Smiling Jack tried to raise his arm, the arm from which extended the hand that had held his book, but he was unable to budge it. And he realized with horror that he was indeed frozen stiff.

"I'm frozen," he said.


"So you finally got the newsflash."

"But how can I talk if I'm frozen?"

"You ain't talking. You're communicating what they call telepathically."
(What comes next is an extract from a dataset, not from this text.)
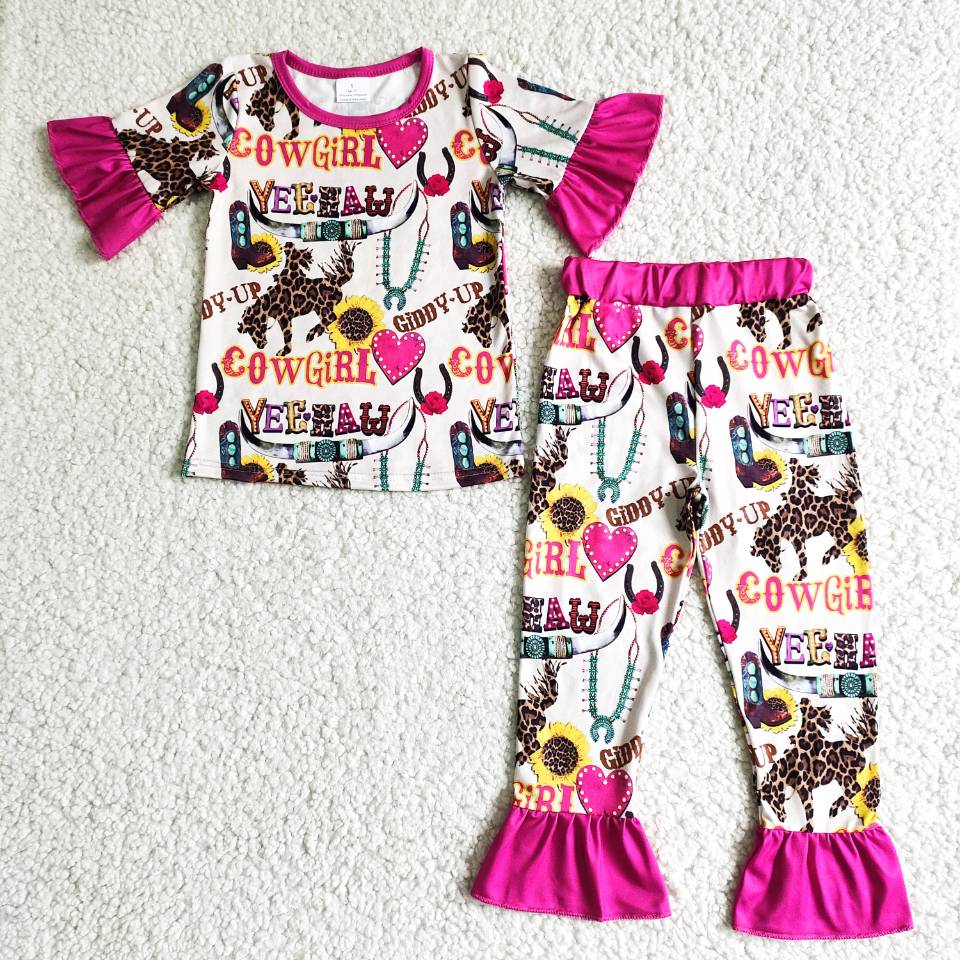 Cowg irl Leopard Pink Heart Girls Pajamas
"Oh my God. You mean I'm really dead?"

"That's what you wanted, wasn't it?"

"Well, I, I suppose I did succumb to a kind of feeling of despair, but I didn't know I would really go through with it –"

"That's no excuse."


"So I'm going to hell?"

"What do you mean, going to?"

"You mean I am in hell?"

"I mean you been in hell your whole goddam life, except for maybe when you were a kid on your birthday or Christmas or Easter, chowing down on all them chocolate eggs and bunnies. But, lookit, every once in a while we guardian angels get to help somebody out. Not often, but sometimes, and only oncet in any human's lifetime. So, if you want, I can maybe give you a break. All's you got to do is choose life over death."

"Gee."

"What's your choice?"

"So I can choose either to be dead or be alive?"

"Like I said, your choice, but I ain't got all night, and you ain't got all night. About fifteen more seconds and it's gonna be too late, and it's off to the next world for ya."

"And what is the next world like?"

"That I am not at liberty to tell ya, pal. House rules. Ten seconds you got."


"Ten seconds?"

"Now it's nine. What's your choice? Life, or what my other good friend Søren Kierkegaard called 'the great unknown'?"

"Um, gee –"

"Four seconds."

"Four?"

"Now it's three."

"Um, uh –"


"Two seconds. One –"

"Okay! Yes, I choose life!"

"Solid, Ted, 'nuff said."

And suddenly and all at once Smiling Jack felt life coursing through his body and his sluggish blood flowing through his veins.

He was cold, and shivering, but alive.

"How's it feel, buddy?" said Bowery Bert.

"It feels, uh –"


"Better than bein' croaked?"

"Yes," said Smiling Jack.

"'Cause let me tell ya something. You got all of eternity to be dead, but only just this one lifetime to be alive."

"Yes, I, um –"

"What you should do, you want my advice, what you should do now is you should go over to Ma's Diner and warm up with a good cup of joe. Maybe get some corned beef hash and eggs. Maybe a couple of them hot cross buns Ma makes, with plenty of butter on them."


"Yes. I guess you're right. A nice hot cup of coffee does sound good –"

"And then after you eat I want you to light up a smoke and look out that plate glass winda there at the falling snow, and just kind of appreciate being warm and alive."

"Yes, I should do that."

"'Cause, remember, life is short, but death is forever."

"Thank you, yes, I'll remember that, Bert, thank you."


And then Bowery Bert was gone, and where he had stood was only the heavy falling blustering snow.

Jack noticed that Bert had kept the book, his book, the book in which he had collected all of his hard-earned wisdom. He hoped Bert wouldn't just throw it away.

Smiling Jack trudged through the falling snow and the snow that covered the ground a foot high across the street to Ma's Diner. After he had sat at the counter and placed his order with Ma, a mysterious moment of panic urged him to check his pockets, and he quickly realized that his wallet was empty of money, and his pockets were empty of coins.

He had also somehow lost his cigarettes, and his Zippo lighter.

He called Ma over to cancel his order, explaining that he was unexplainably broke, and had even somehow lost his cigarettes and lighter, but Ma took pity on him, and told him he could have his coffee and a meal on the cuff, and she also let him have a quarter for the cigarette machine. 

Little did Smiling Jack know that Ma was also a guardian angel, just not officially so, and her place was assured in the hereafter, among all the other saints and angels for all eternity.